Adding ArUco marker detection to rt-ai

There are many situations where it is necessary to establish the spatial relationship between a camera in a space and 3D points within the same space. One particular application of interest is the ability to use markers to accurately locate holograms in a space so that AR headset users see the holograms locked in the space, even as they look or move around the space. OpenCV has the ArUco marker detection included so that seemed like a good place to start. The screen capture above shows the rt-ai Aruco marker detector identifying the pose of a few example markers.

This is the simple rt-ai test design with the new ArUcoDetect stream processing element (SPE). The UVC camera was running at 1920 x 1080, 30 fps, and the ArUco SPE had no trouble keeping up with this.

This screen capture is a demonstration of the kind of thing that might be useful to do in an AR application. The relative pose of the marker has been detected, allowing the marker to be replaced by an associated hologram by a 3D application.

While the detection is quite stable, the ArUco SPE implements a configurable filter to help eliminate occasional artifacts, especially regarding the blue (z-axis) which can swing around quite a bit under some circumstances due to the pose ambiguity problem. The trick is to tune the filter to eliminate any residual pose jitter while maintaining adequate response to headset movement.

One challenge here is management of camera intrinsic parameters. In this case, I was using a Logitech C920 webcam for which calibration intrinsics had been determined using a version of the ChArUco calibration sample here. It wouldn’t be hard for the CUVCCam SPE to include camera intrinsic parameters in the JSON associated with each frame, assuming it could detect the type of UVC camera and pick up a pre-determined matrix for that type. Whether that’s adequate is a TBD. In other situations, where the video source is able to supply calibration data, the problem goes away. Anyway, more work needs to be done in this area.

Since rt-ai stream processing networks (SPNs) can be integrated with SHAPE via the Conductor SPE (an example of the Conductor is here), an AR headset running the SHAPE application could stream front facing video to the ArUco SPN, which would then return the relative pose of detected markers that have previously been associated with SHAPE virtual objects. This would allow the headset to correctly instantiate the SHAPE virtual objects in the space and avoid problems relying on inside out tracking alone (such as in a spatial environment with a repeating texture that prevents unique identification).

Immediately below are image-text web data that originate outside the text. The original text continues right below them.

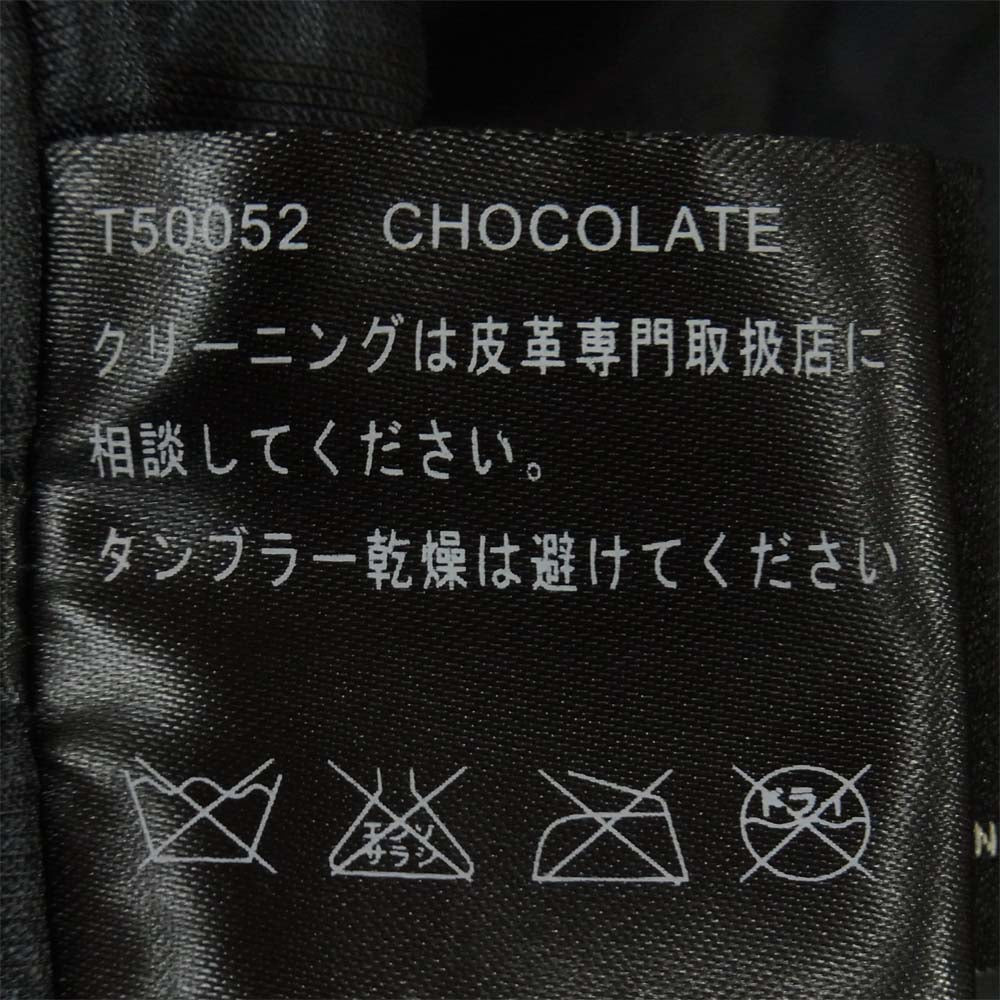 COLE HAAN コールハーン 襟ボア レザー ジャケット 牛革 ラムファー 中国製 ダークブラウン系 S【中古】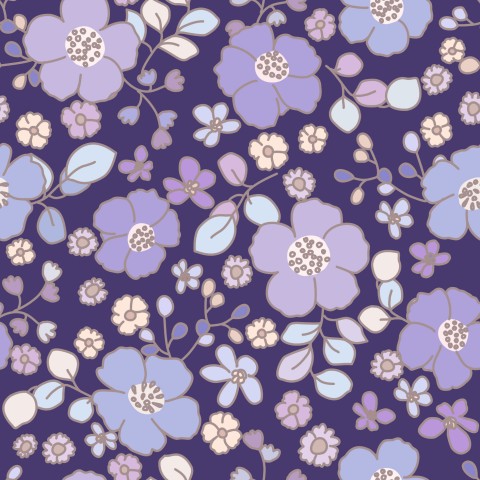 Satin cotton a floral pattern in the colors purple and blue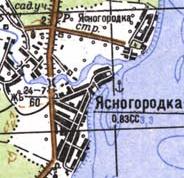 Топографічна карта Ясногородки
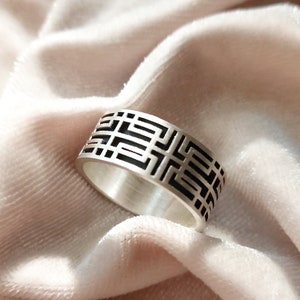 Door pattern of traditional Oriental house silver ring, daily ring, man ring, woman ring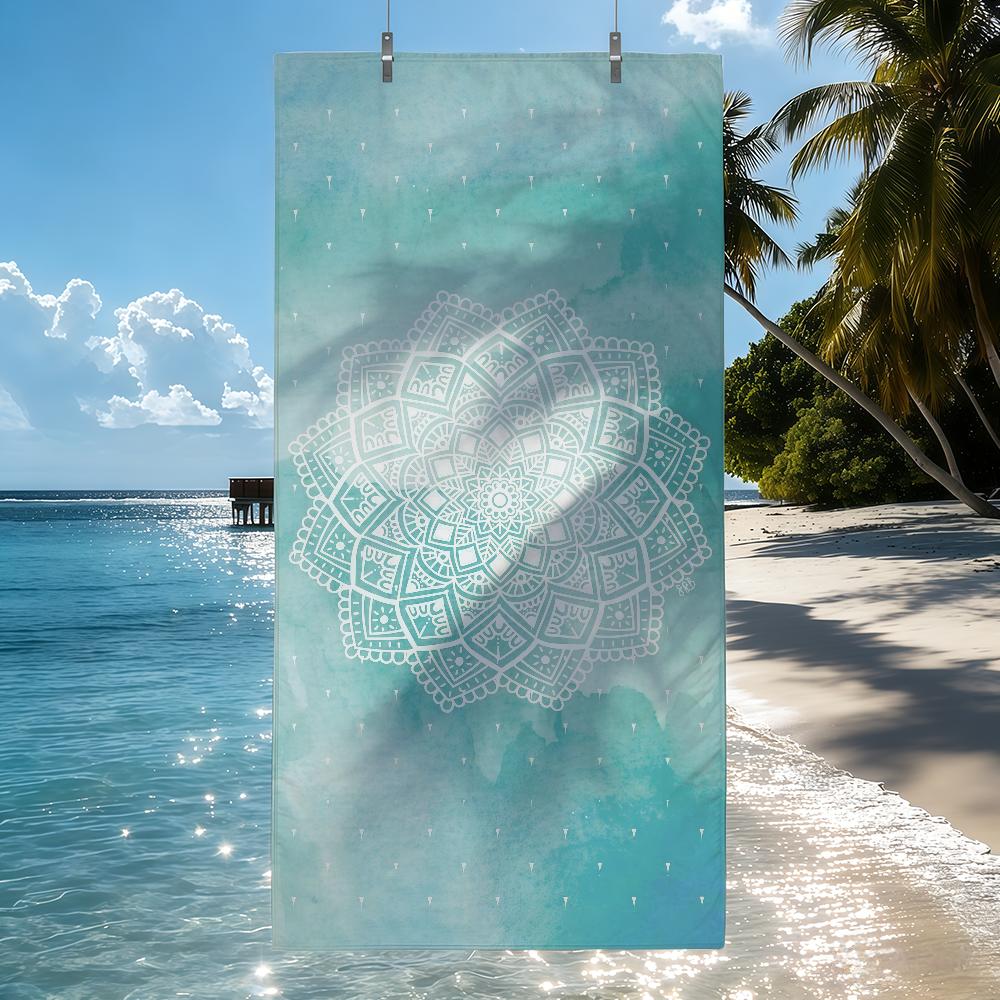 

Blue M-Mandala Art meditation Towel Quick Drying Beach Towels Are Suitable For Swimming Pools Camping Yoga And The Gym W40*H60(CM)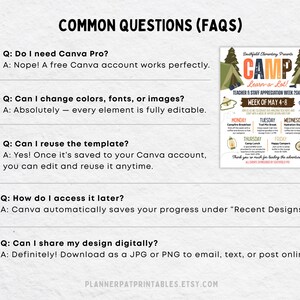 May include: A digital printable featuring a camp-themed design for Teacher & Staff Appreciation Week. The design includes the text "CAMP Learn a Lot!" and a schedule for the week of May 4-8. The image also includes FAQs about using the template.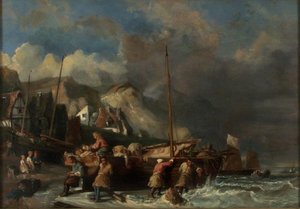 Mise À L'eau D'un Bateau Pêche — Jules Achille Noel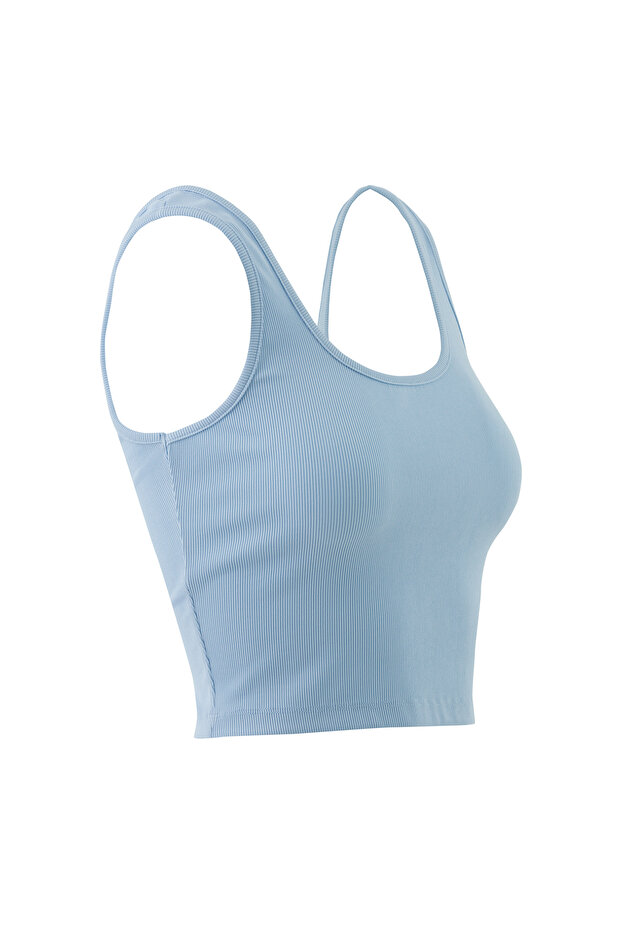 Basıc Askılı Mavi Crop Top - 2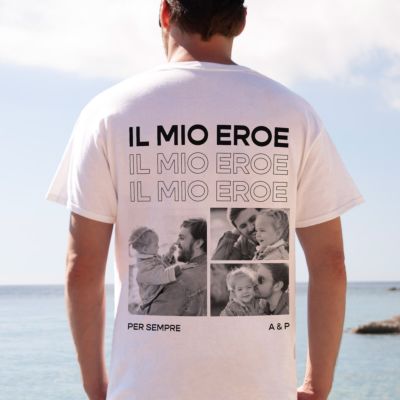 Maglietta Personalizzata con Foto e Testo Bianco e Nero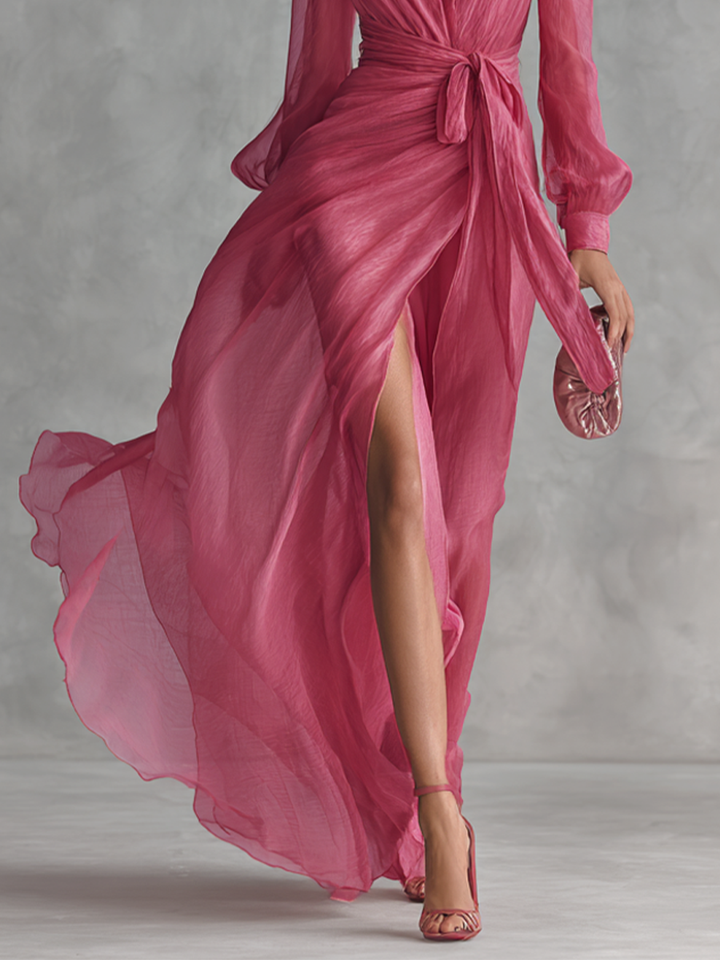 Rózsaszín V-Kivágású Chiffon Ruha
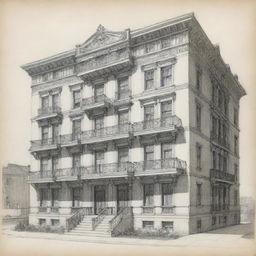 An architectural sketch of a four-story building with meticulous detailing.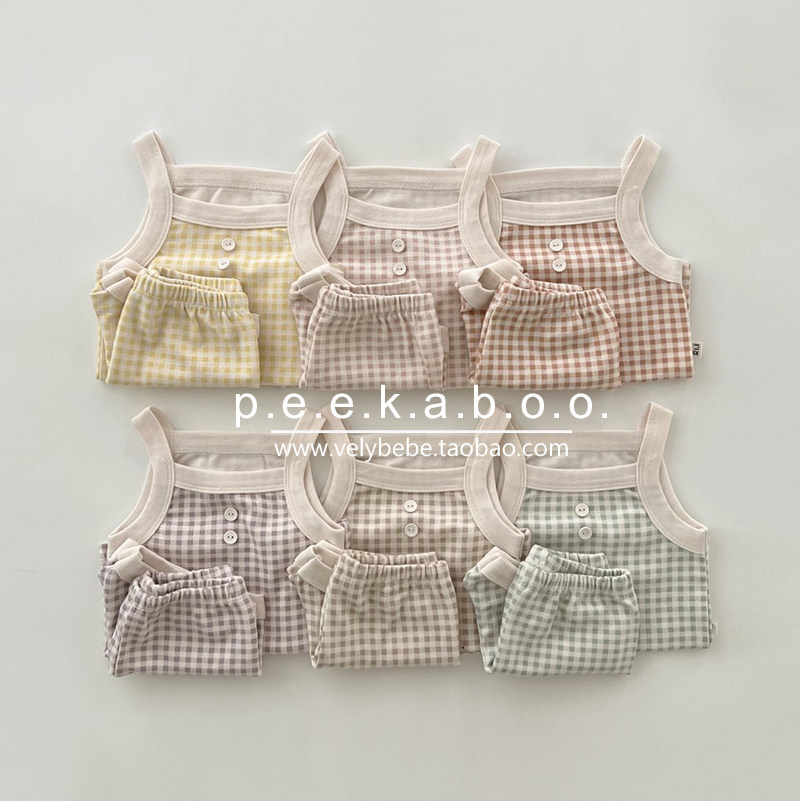 【夏】peekaboo正品韩国童装儿童家居服宝宝睡衣套装吊带格纹
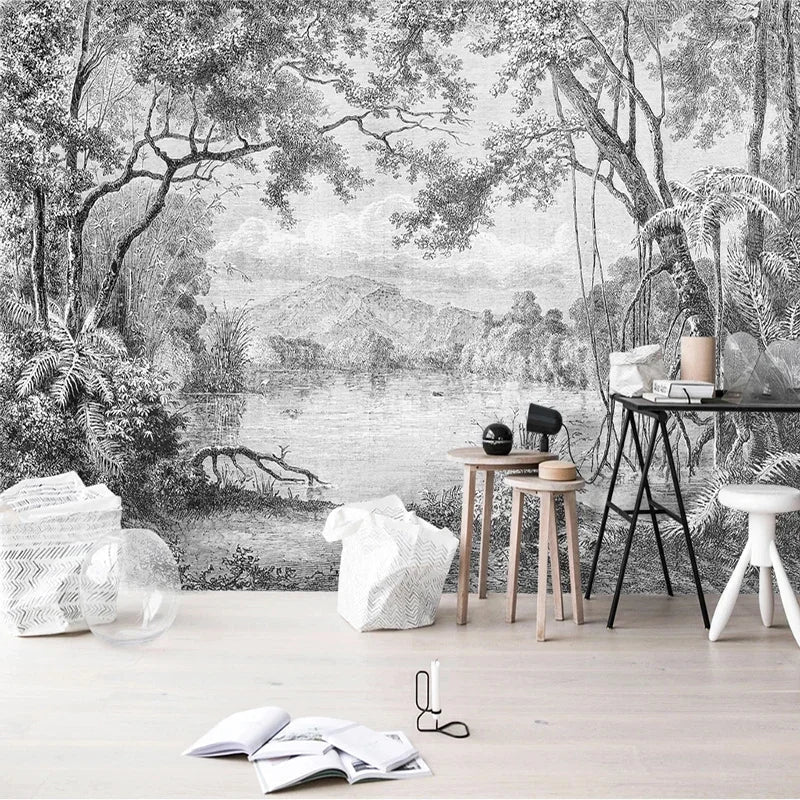 Black & White Forest Mural Wallpaper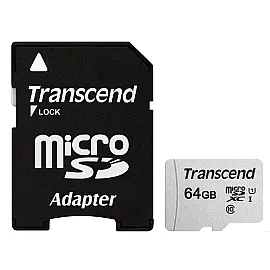 Карта памяти Transcend microSDXC 64GB UHS-I U1 (TS64GUSD300S-A) + SD адаптер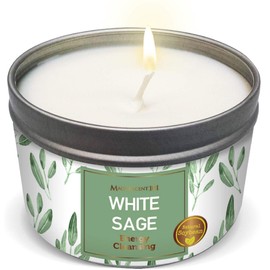 MAGNIFICENT 101 Magnificent 101 Long Lasting Pure White Sage Scented Smudge Candle - 6 Oz - 35 Hour Burn - Made of Soy Wax for House Energy Cleansing, Purification & Manifestation - Soy Candles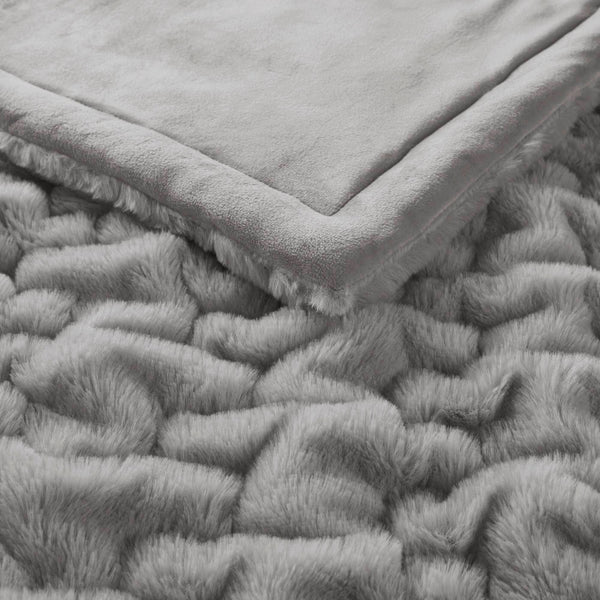 Olliix - Soft Ruched 50x60" Throw Blanket, Grey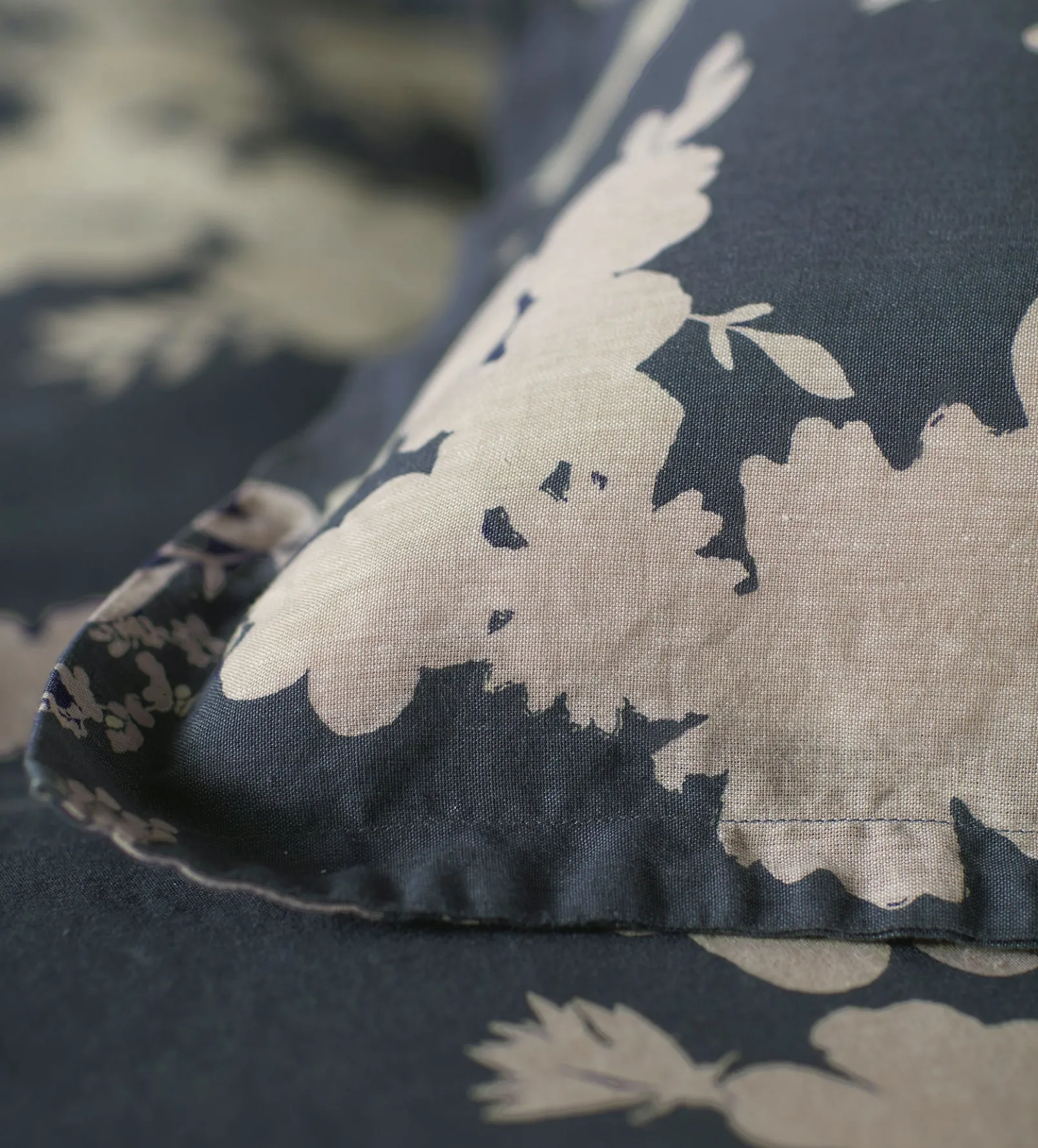 Ink Blue Flower Press Linen Blend Pillowcase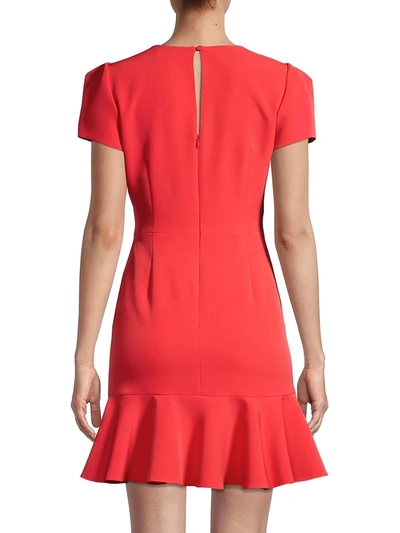 Shop Milly Deviana Cady Mini Dress In Summer Coral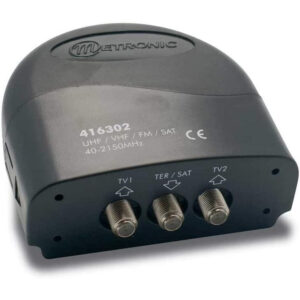 Conmutador de antena Metronic 416302 (conectores F, 2 vías) negra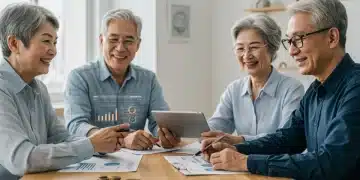 Retirees confidently reviewing 2026 annuity investment performance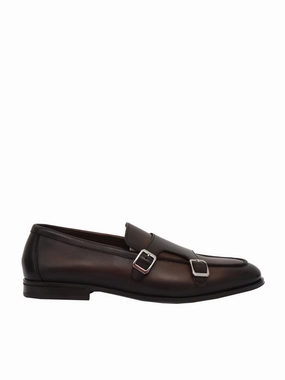 Narrow Room Double Buckle Calfskin Shoes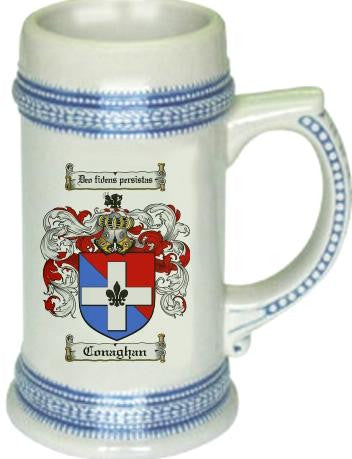 Conaghan family crest stein coat of arms tankard mug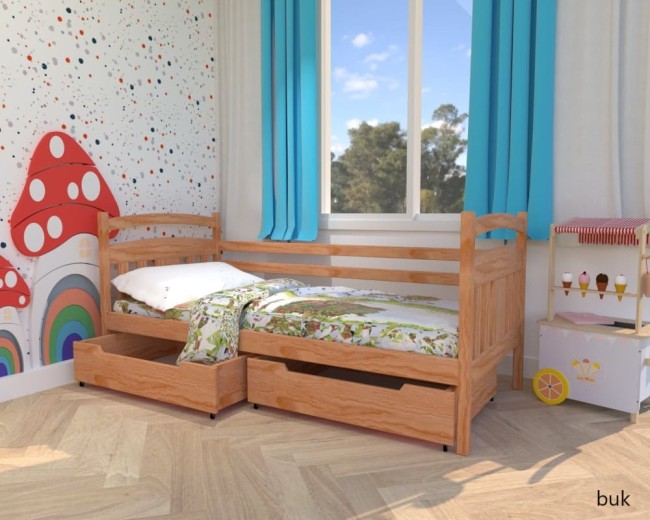 łóżko dzieciece Tadek Premium z drewna sosnowego z szufladami i barierką od producenta Valor Meble kolor buk.jpg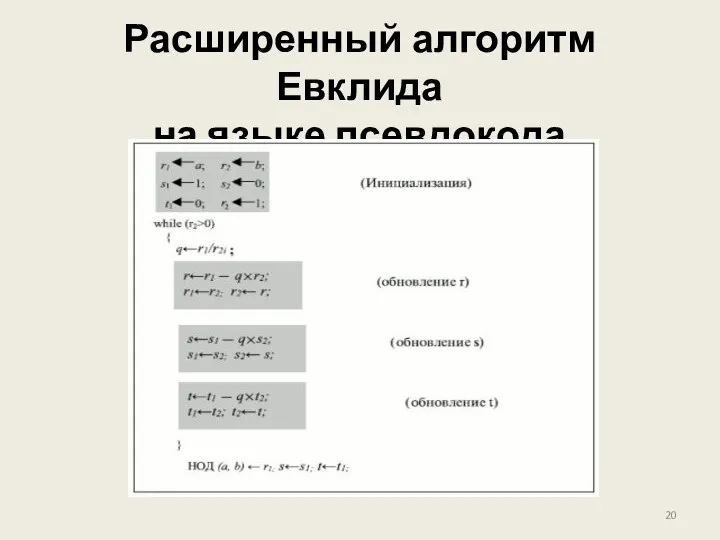 Расширенный алгоритм Евклида на языке псевдокода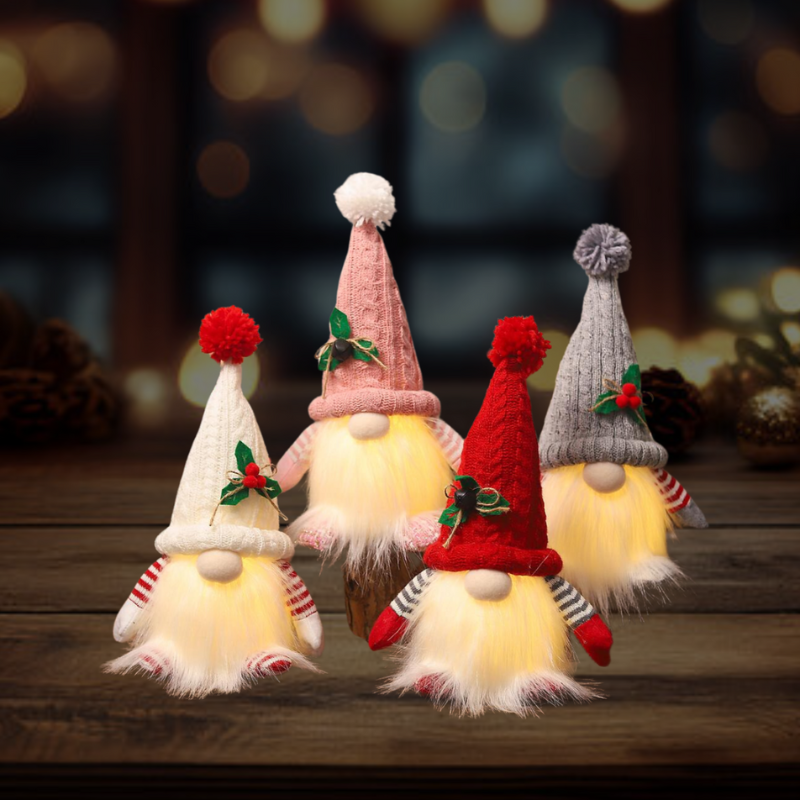 Lichtgevende gnome kerstmannen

Using shared memory for rt-ai inter-SPE transfers

The screen capture above couldn’t have been obtained previously as it is passing uncompressed (RGB888) video between rt-ai SPEs on the same node (a Jetson Nano in this case). The CVideoView window is showing the output of the simple network using the CSSDJetson SPE to classify objects and also computes the frames per second and latency of received frames. The source of the frames is a Logitech C920 webcam running at 1280 x 720, 30fps. It shows that the latency is around 128mS at around 15fps.

This screen capture shows what happens when shared memory isn’t used. Actually, the latency here is misleading as it seems to be the link from the CUVCCam SPE to the MQTT server that is causing the bottleneck when running uncompressed video. The latency goes monotonically upwards until there is no memory left as there is no throttling on that interface since normally it isn’t a problem.

There doesn’t seem to be much benefit when passing smaller messages between SPEs.

This screen capture above shows shared memory being used when transferring JPEG frames. The one below is with shared memory support turned off.

This just shows that bouncing off the MQTT server within the same node is pretty efficient, at least when compared to the latency of the inference.

Being able to pass large messages around efficiently, even if only point to point within the same node, is quite a step forward by itself. For example, it makes it practical to create networks that pass RGBD frames around.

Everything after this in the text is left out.